Tackling the use of Kodi and other set-top box software to stream pirated videos is now the top priority for rights-holders, a report says.
Some boxes or “TV sticks” support software add-ons that can stream subscription movies, sport and TV channels over the internet for free.
The Federation Against Copyright Theft (Fact) said about half of its current investigations concerned the devices.
It said boxes configured to receive premium content for free were illegal.
The statements were made in the annual crime report of the government’s intellectual property office (IPO).
What are Kodi boxes?
Kodi is free software, built by volunteers, that is designed to bring videos, music, games and photographs together in one easy-to-use application.
Some shops sell set-top boxes and TV sticks known as Kodi boxes, preloaded with the software.
The developers behind Kodi say their software does not contain any content of its own and is designed to play legally owned media or content “freely available” on the internet.
However, the software can be modified with third-party add-ons that provide access to pirated copies of films and TV series, or provide free access to subscription television channels.
“Streaming boxes have steadily increased in popularity in recent years,” said Ernesto van der Sar, from the news site Torrent Freak.
“Most use the entirely legal Kodi software, but some are augmented with illegal third-party add-ons.
“They are seen as convenient, as the set-top box format is ideal for the living room.
“Nowadays people often prefer to stream pirated content instead of using traditional torrent sites.
“They see streaming as more convenient and less cumbersome than downloading.”
Fact said set-top boxes configured to receive premium content for free were “an emerging threat to the audiovisual industry”.
“This is becoming an epidemic,” Kieron Sharp, director general of Fact, told the BBC.
“If you are not paying for Sky, BT or one of the pay-TV providers for your subscription channels, you are clearly in possession of an illegal box.”
The IPO said the increased availability of such devices presented a “significant challenge”.
“We are aware that set-top boxes, while perfectly legal in their own right, are frequently adapted by criminals to illegally receive TV channels protected by intellectual property rights,” a spokesman told the BBC.
“The government is working with its partners in industry and with police forces across the country to target criminals looking to profit from this activity.
“We are also working closely with our international partners to target the cross-border infrastructure that underpins illegal streaming.”
In August, an investigation by the Police Intellectual Property Crime Unit (Pipcu) led to the arrest of three men who are accused of retransmitting subscription television channels online.

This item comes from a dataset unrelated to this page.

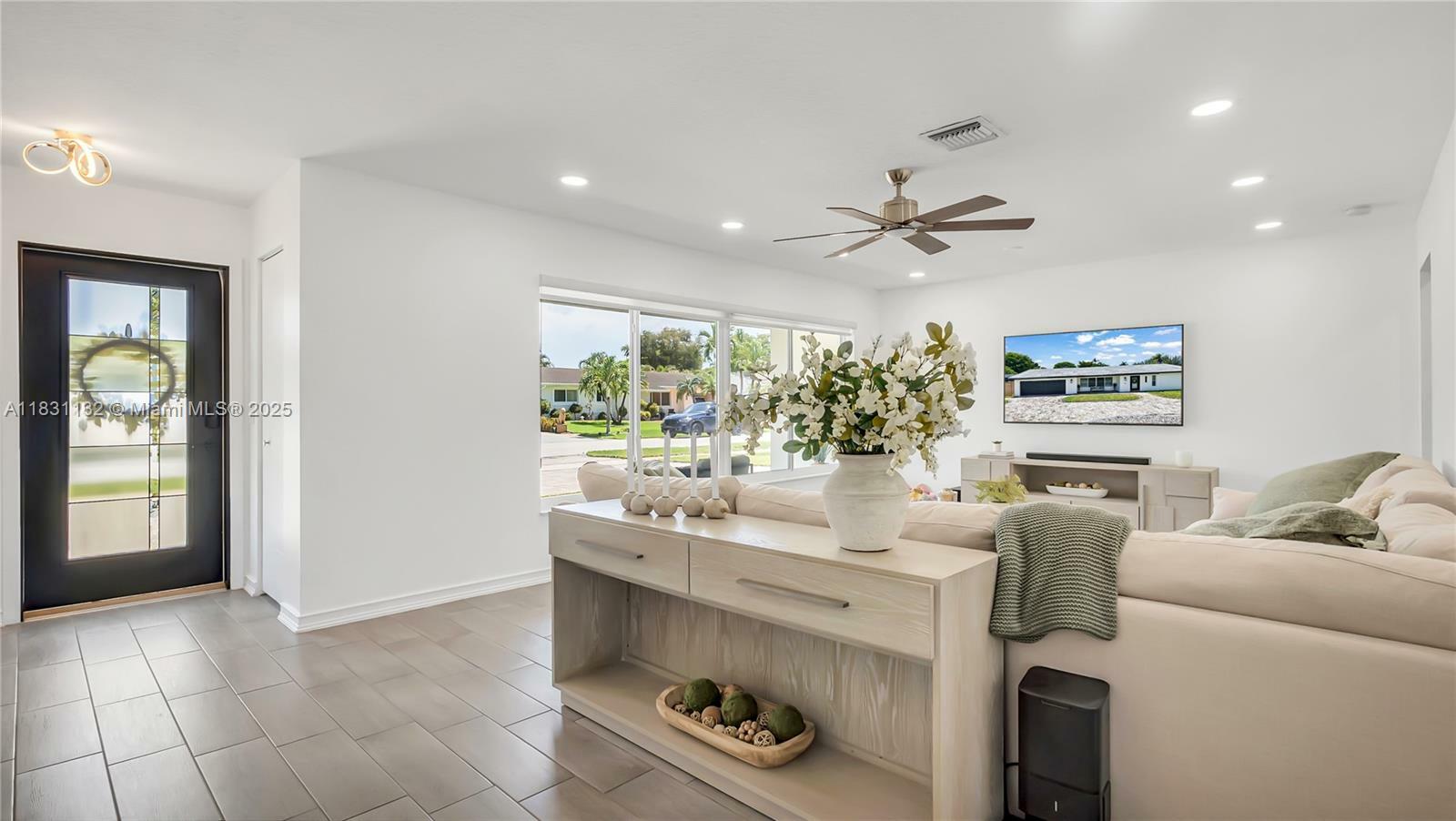 Property Photo: 10401 NW 21st St FL 33026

What do the makers of Kodi say?
Some traders sell so-called “fully-loaded Kodi boxes”, which are preloaded with third-party add-ons that can access pirated content. These are currently the subject of a legal case.
The developers behind Kodi have said they do not support “piracy add-ons” and have criticised those who advertise “fully-loaded” set-top boxes for sale.
The group said it would maintain a “neutral stance on what users do with their own software”, but would battle those using the Kodi trademark to sell a “fully-loaded Kodi box”.
Discussions about “pirated content” and add-ons that provide access are removed from its message board.